Police chiefs are putting together a list of possible punishments for the victims of lower-level crime to choose from.
Louts had better watch out – the public is being asked what should be on the list.
Sussex Police and Crime Commissioner Katy Bourne wants the public to whittle down options including apologising, receiving counselling and litter picking.
People can make their own suggestion for the Community Remedy Document to be published in November.
Victims will be able to choose whether they want to decide the punishment and the police will make sure the punishments are enforced. Mrs Bourne said: “A recent poll on my website showed that anti-social behaviour is a big concern, with littering, drug and alcohol misuse, and inconsiderate driving and parking topping the list of issues local people experience most often.
“‘Community remedy’ is designed to introduce simpler and more effective powers for tackling these lower level crimes.

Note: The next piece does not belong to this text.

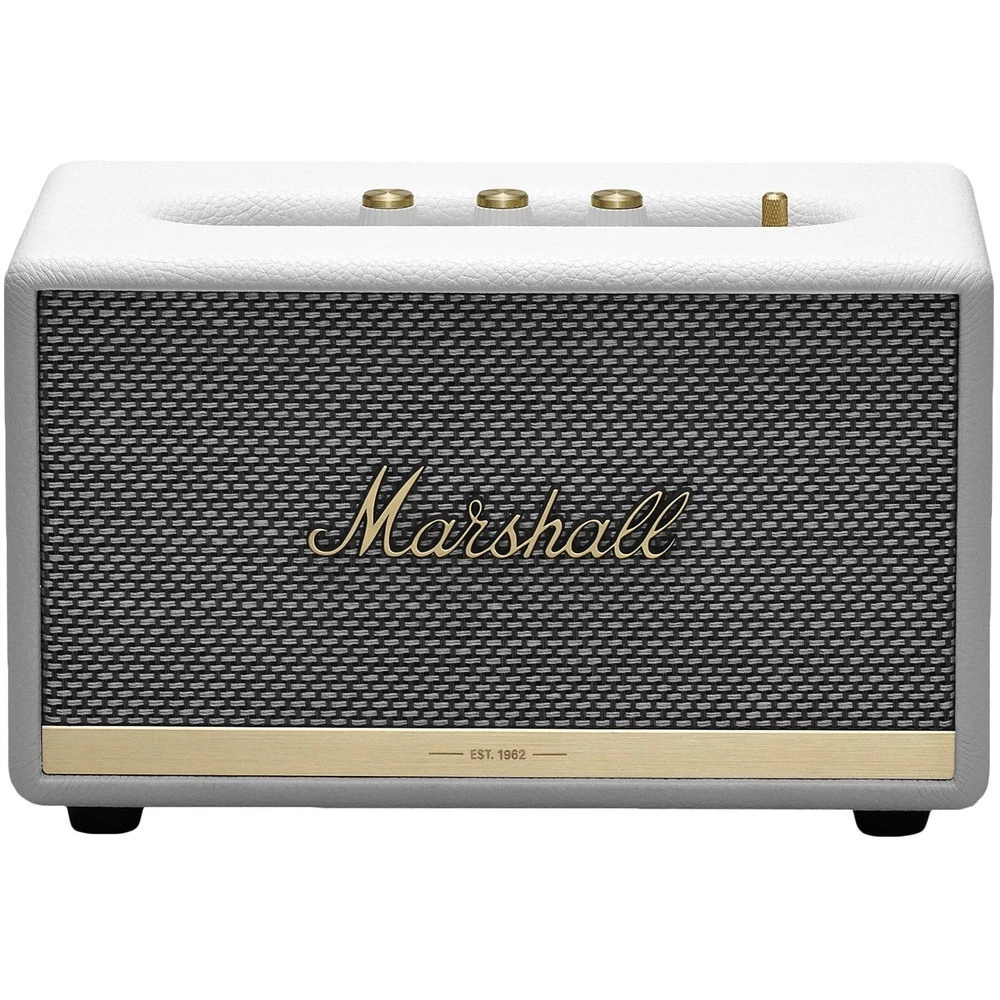 Акустическая система MARSHALL Белый Marshall Stanmore II Bluetooth (арт. 1001903)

“It is also designed to provide victims, should they want it, with a say in how an offender will make amends for the matter if the crime warrants an out of court settlement.”
The practice will build on the idea of punishing lower-level offenders outside of the courts, with police often talking to victims about how offenders should be dealt with.
Conservative Councillor Dee Simpson thought it good to give victims a say if they wanted it.
She said: “Some victims possibly would like to be involved and some would not but it is good to be given the chance.
“Even lower-level anti-social behaviour can be quite harassing, especially for older people.”
She added payback remedies had been used for youngsters who damaged the Woodingdean youth centre six months ago.
She said: “We decided that rather than have them criminalised that they should do some community payback.
“So they did litter-picking and all sorts of things and I think that is far more effective.”
Options included in the Sussex Community Remedy Document include...
- Written apology
- Verbal apology
- Face-to-face restorative justice conference
- Shuttle conference (victim and offender talk but don’t meet face-to-face)
- Repairing damage to property or cleaning graffiti
- Paying an appropriate amount for repair
- YOUR VIEWS:
- Stephen Reeves, 50, of Hove, taxi driver, said: “I suppose it depends what they've done. If it's for anti-social stuff it might work but we could only do it a couple of times before they need to be banged up. I think they should take a couple of days to clean up what they've done.”
- John Jensen, 72, of Hove, retired, said: “I think it's a good idea. Realistically, I'd like to see people get a large fine and then be made to clean it all up. Only one in 1,000 people are caught and then they are let off with a warning.”
- Nicola Driddle, 44, of Fiveways, shopkeeper, said: “I think it could be a good thing, then you've got some control over it. I would make them come and clean up or repair whatever damage they caused and I think they should have to answer to the community.”